Hacker News new | past | comments | ask | show | jobs | submit login

I feel I'm in a somewhat unique position to talk about easy/hardness of machine learning; I've been working for several months on a project with a machine learning aspect with a well-cited, respected scientist in the field. But I effectively "can't do" machine learning myself. I'm a primarily 'self-trained' hacker; started programming by writing 'proggies' for AOL in middle school in like 1996.

My math starts getting pretty shaky around Calculus; vector calculus is beyond me.

I did about half the machine learning class from coursera, andrew ng's. Machine learning is conceptually much simpler than one would guess; both gradient descent and the shallow-neural network type; and in fact it is actually pretty simple to get basic things to work.

I agree with the author that the notation, etc, can be quite intimidating vs what is "really going on".

however, applied machine learning is still friggin' hard; at least to me; and I consider myself a pretty decent programmer. Naive solutions are just unusable in almost any real application, and the author's use of loops and maps are great for teaching machine learning; but everything needs to be transformed to higher level vector/matrix problems in order to be genuinely useful.

That isn't unattainable by any means; but the fact remains (imho) that without the strong base in vector calculus and idiosyncratic techniques for transforming these problems into more efficient means of computations; usable machine learning is far from "easy".

This response, and the replies to it actually come as a bit of a surprise to me. I am a graduate student in artificial intelligence who has a comparatively weak background in mathematics who is still very capable of applying, implementing, and improving upon machine learning techniques. I have never taken a calculus or linear algebra class. (Don't ask how I managed that, an effect of the odd route I took to get where I am). The point is you shouldn't be telling yourself you can't do it because you don't know the math, you may surprise yourself.

That being said there are plenty of barriers to a software engineer picking up some papers on machine learning and getting started. These are the result of some serious issues that I believe exist with academia at present and specifically the "publication game". I will not however get into this as this comment will quickly turn into the longest paper I've ever written. It is a problem with the system, and as the reader it is not your fault.

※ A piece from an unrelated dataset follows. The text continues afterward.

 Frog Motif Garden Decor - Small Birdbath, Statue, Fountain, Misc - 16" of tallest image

Your issue with applied machine learning may be largely imagined. Take for example the k-means clustering algorithm in the article. This is quite useful in a number of places be it data analysis or intelligent user interfaces, its straightforward to implement, and many usable implementations exist online. The same case is true for other models such as linear regression, naive bayes, even things like support vector machines are pretty easy to use these days.

In any case, as selfish as this is, this sentiment you're expressing provides some comfort that I'll be in demand when I enter the job market. :P Though if you really want to implement and apply some simple yet useful algorithms he recommends Programming Collective Intelligence at the end of the article and I can definitely second that recommendation.

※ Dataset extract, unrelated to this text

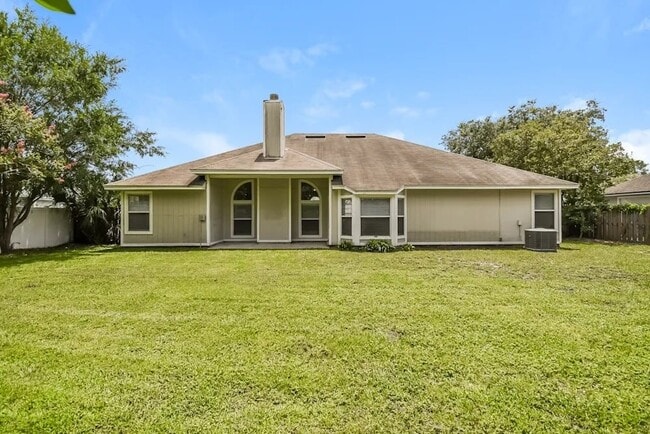 Building Photo - 12244 Mantle Dr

Just wanted to say thanks for the recommendation! I actually started writing the book because I felt that a lot of the existing textbooks were unnecessarily obtuse. The details are complicated but you can still get some interesting results and have some fun with a high-level understanding.

(I'll warn you that a lot about the book is very dated now)

Hey Toby,

First off thanks for writing the book. It was the first book recommended to me for ML while I was doing my undergrad and it got me using ML as opposed to studying ML. The book opened my eyes to the fact that I really could do these things, and it definitely played a role in influencing me to pursue my MSc in AI. So again, thank you. :)

Secondly I'll agree that the book is most definitely dated at this point though it provides a survey of quite a broad selection of algorithms. It certainly isn't going to put the reader on the cutting edge or anywhere near it but it will get them started which appears to be the hardest part for some of those participating in this comment thread.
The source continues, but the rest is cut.